What you need to do »
Repeat exactly the lines below that lie between the line with "Kitchenette serving counter" and the line with "Beautiful summer autumn", counting both of those lines as part of the answer.

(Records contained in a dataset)
╔══
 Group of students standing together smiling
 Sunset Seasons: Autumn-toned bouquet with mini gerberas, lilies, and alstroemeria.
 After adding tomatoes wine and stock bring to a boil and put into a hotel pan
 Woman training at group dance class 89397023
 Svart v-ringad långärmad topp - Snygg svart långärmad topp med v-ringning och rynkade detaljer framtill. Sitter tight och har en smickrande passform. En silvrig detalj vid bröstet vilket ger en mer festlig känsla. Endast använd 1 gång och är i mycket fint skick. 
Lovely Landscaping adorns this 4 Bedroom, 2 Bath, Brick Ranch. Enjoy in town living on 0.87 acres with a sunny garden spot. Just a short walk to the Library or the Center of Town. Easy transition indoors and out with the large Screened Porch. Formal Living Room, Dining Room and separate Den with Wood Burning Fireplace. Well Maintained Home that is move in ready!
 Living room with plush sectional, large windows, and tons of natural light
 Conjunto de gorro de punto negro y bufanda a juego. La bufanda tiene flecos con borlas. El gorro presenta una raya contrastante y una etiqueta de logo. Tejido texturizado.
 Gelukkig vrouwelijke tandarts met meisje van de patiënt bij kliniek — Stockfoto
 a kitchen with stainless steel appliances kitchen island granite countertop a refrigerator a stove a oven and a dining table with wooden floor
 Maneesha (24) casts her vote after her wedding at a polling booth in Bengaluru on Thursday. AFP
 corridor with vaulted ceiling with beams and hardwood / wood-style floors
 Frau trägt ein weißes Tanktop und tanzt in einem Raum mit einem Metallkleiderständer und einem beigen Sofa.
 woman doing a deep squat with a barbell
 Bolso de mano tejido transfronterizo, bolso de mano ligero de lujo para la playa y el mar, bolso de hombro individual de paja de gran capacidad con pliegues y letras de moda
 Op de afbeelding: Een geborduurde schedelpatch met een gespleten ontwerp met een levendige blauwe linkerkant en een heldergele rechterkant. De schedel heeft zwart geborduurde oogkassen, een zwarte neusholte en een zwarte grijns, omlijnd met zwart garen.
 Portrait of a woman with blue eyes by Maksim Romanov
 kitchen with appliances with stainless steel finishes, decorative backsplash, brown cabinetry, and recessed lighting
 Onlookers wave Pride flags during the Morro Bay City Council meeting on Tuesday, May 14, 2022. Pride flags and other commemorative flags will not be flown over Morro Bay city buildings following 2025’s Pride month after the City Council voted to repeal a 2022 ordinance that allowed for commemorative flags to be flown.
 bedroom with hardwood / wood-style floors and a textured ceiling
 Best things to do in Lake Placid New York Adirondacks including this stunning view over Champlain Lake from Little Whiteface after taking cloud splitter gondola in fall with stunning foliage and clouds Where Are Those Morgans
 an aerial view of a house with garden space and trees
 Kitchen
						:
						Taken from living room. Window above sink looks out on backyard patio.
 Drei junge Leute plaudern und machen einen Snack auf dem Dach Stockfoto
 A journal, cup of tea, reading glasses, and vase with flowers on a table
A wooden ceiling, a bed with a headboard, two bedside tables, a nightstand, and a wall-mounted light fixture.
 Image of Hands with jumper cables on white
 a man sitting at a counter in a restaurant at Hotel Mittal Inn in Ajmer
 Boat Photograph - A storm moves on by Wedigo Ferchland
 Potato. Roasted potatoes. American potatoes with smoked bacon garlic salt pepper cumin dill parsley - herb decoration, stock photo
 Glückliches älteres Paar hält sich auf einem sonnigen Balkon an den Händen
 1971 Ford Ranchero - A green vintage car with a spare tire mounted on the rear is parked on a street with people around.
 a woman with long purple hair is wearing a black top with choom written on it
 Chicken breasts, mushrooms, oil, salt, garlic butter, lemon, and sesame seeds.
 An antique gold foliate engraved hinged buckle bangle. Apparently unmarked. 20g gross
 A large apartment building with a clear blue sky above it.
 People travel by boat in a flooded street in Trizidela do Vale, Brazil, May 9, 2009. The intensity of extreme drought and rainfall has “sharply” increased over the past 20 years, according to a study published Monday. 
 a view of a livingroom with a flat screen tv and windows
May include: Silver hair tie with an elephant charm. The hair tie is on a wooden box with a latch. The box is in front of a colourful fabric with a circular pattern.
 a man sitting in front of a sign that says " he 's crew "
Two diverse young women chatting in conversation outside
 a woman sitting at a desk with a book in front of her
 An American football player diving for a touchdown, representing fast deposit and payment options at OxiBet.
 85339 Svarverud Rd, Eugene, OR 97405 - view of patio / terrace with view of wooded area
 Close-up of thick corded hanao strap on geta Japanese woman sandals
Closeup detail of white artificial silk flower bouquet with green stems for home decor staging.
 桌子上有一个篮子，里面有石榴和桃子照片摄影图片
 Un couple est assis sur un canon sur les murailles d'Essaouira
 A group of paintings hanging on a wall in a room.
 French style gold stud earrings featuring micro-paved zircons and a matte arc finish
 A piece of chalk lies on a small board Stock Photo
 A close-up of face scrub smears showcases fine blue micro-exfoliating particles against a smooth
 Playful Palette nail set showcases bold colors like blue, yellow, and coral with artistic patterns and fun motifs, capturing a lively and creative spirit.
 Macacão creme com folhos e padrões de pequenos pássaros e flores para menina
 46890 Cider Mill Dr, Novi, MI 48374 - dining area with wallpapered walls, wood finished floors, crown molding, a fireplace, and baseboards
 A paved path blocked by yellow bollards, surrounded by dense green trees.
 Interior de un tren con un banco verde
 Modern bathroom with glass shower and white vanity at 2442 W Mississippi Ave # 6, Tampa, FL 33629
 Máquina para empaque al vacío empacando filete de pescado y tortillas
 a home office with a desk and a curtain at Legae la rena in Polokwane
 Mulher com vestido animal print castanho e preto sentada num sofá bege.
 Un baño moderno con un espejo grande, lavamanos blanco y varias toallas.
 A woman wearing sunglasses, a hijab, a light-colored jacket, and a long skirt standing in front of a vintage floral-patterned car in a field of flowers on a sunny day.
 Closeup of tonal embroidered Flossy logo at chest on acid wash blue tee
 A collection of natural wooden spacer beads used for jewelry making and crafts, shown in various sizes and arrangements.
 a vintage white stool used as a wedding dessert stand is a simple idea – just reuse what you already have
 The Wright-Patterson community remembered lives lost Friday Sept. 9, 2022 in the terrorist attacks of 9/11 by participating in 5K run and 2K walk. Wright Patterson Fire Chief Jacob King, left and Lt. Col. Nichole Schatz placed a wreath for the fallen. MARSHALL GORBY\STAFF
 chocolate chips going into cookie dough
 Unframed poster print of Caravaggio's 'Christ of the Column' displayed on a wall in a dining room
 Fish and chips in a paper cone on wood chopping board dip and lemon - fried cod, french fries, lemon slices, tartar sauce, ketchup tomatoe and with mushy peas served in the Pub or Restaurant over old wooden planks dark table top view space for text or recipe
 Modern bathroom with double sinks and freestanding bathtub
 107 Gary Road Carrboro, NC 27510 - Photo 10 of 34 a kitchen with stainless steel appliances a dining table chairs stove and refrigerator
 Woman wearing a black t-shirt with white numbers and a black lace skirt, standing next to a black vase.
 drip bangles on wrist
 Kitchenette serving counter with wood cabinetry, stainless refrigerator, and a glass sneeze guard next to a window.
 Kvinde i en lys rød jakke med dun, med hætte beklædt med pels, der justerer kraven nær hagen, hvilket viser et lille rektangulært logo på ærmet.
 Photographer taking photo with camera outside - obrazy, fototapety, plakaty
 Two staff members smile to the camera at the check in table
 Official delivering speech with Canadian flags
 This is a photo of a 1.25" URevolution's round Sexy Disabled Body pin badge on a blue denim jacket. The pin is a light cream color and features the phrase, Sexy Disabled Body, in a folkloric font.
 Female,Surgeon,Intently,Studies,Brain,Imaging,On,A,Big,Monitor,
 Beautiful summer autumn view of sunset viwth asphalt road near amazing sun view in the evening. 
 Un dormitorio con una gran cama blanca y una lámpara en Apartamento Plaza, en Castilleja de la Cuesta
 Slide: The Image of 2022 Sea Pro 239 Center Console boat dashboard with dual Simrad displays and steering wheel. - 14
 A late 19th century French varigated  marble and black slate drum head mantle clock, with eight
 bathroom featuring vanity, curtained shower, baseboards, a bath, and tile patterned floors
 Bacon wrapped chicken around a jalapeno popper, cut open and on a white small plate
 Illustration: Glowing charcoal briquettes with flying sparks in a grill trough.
╚══
Response area »
 Kitchenette serving counter with wood cabinetry, stainless refrigerator, and a glass sneeze guard next to a window.
 Kvinde i en lys rød jakke med dun, med hætte beklædt med pels, der justerer kraven nær hagen, hvilket viser et lille rektangulært logo på ærmet.
 Photographer taking photo with camera outside - obrazy, fototapety, plakaty
 Two staff members smile to the camera at the check in table
 Official delivering speech with Canadian flags
 This is a photo of a 1.25" URevolution's round Sexy Disabled Body pin badge on a blue denim jacket. The pin is a light cream color and features the phrase, Sexy Disabled Body, in a folkloric font.
 Female,Surgeon,Intently,Studies,Brain,Imaging,On,A,Big,Monitor,
 Beautiful summer autumn view of sunset viwth asphalt road near amazing sun view in the evening. 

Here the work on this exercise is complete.